Thanks! Great advice!!!


----------



## Iannathedriveress (Mar 3, 2013)

I used to have a Hyundai Accent, now I got a Mercury Mariner because the Accent became a money pit for me.


----------



## Jah (Mar 3, 2013)

Unfortunately I drive a holden barina, which is a small car and barely fits me. I would love a bigger car but can only afford a barina because it's cheap and very fuel efficent.


----------



## ampleampleample (Mar 3, 2013)

Dodge/Chrysler Caravans


----------



## f0nzw0rth (Mar 4, 2013)

Ford F150 Lightning...plenty of room and im 6'2 375


----------



## bigmac (Mar 4, 2013)

ampleampleample said:


> Dodge/Chrysler Caravans



Lots of room yes -- but terrible reliability record -- OK as a used vehicle so long as price reflects this models overall poor quality (i.e. good car if you get it real cheap).


----------



## bigmac (Mar 4, 2013)

f0nzw0rth said:


> Ford F150 Lightning...plenty of room and im 6'2 375



I fit in my old 87 F150 (6'4" 305lbs) but it didn't have as much leg room as you'd expect and there wasn't that much steering wheel clearance (my wife had to move the seat up to reach the pedals and her belly squished the steering wheel.)

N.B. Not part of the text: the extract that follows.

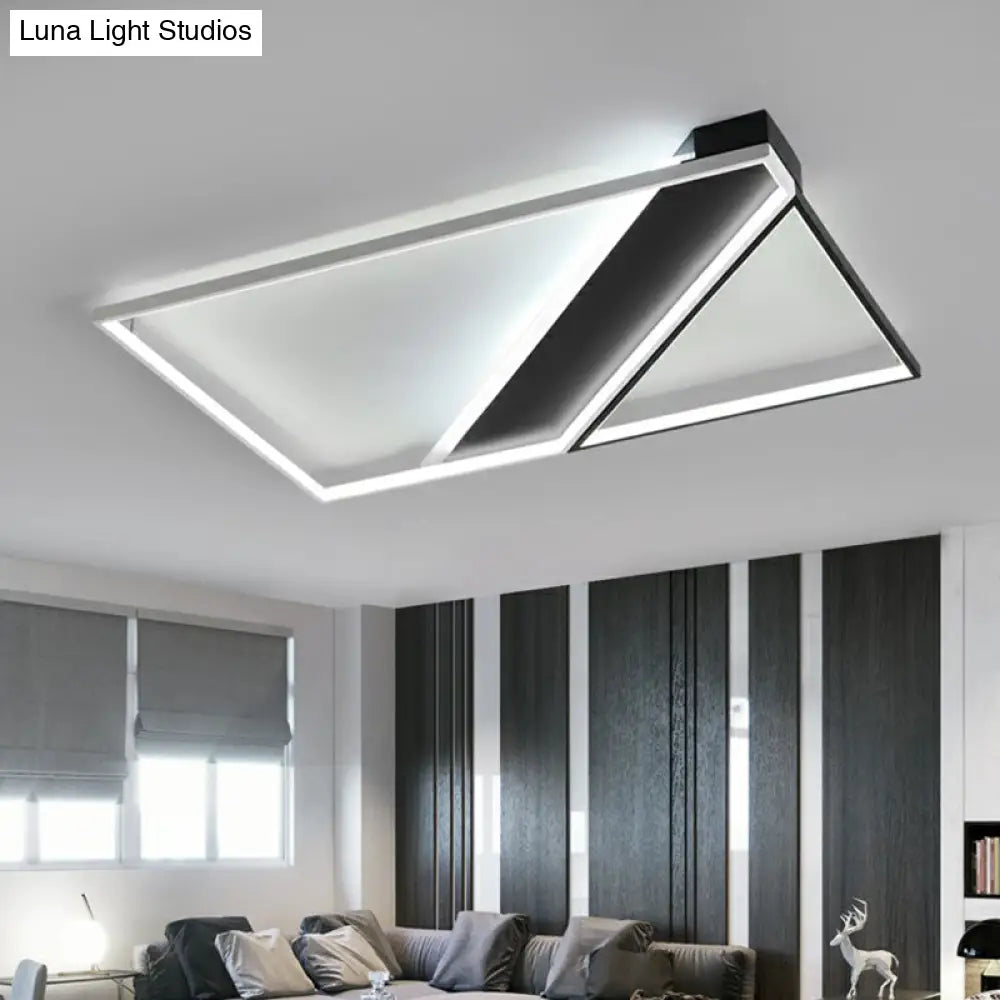 Modern Acrylic Led Ceiling Light: Rectangle Lounge Flush Mount In Black & White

The truck went out in a blaze of glory (literally) in 2009 on Highway 99.


----------



## Wayne_Zitkus (Mar 4, 2013)

Most vehicles have consoles nowadays, and very few have bench seats. We have a 2007 Chevy Colorado extended cab pickup with front buckets - I took out the console to give Sandie more room. I'll just put it back in at trade-in time.


----------



## spydermonk (Mar 5, 2013)

I recently purchased a 2003 ford f150. Krystal loves my new truck becpedaause it has push-button pedal adjustment right next to the steering wheel. I am about one foot taller than her so I keep the seat pretty far back. This way she doesn't need to move the seat at all when she drives my truck, she needs only to press a button and the pedals come to her. The only downfall is that the truck rides very high off the ground and I had to install running boards for her to use as a step.


----------



## danbsc29630 (Mar 5, 2013)

Hyundai Equis


----------



## Myn (Mar 6, 2013)

I'm in the market for a car in the very near future, and dreading the thought of having to shlep around to dealerships and start out with "will I fit?" This thread is a godsend in terms of what to look for.

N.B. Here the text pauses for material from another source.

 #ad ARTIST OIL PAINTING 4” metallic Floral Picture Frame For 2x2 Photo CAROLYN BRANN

Any other suggestions for a very very pear shape?


----------



## VivaLaValerie (Mar 6, 2013)

Myn, I'm with you as well. I was just thinking about this topic the other night because we are also in the market for a new car.

We were planning on buying more of a luxury vehicle. However, I have noticed in many of them the seats are smaller and the center console takes up way more room than they should! My issue(s) is also being tall (5'10") long legs so some cars are too low, I'm about 450+ and very bottom heavy so, my knee hits the steering column when I drive (it's also hard to get in and out). 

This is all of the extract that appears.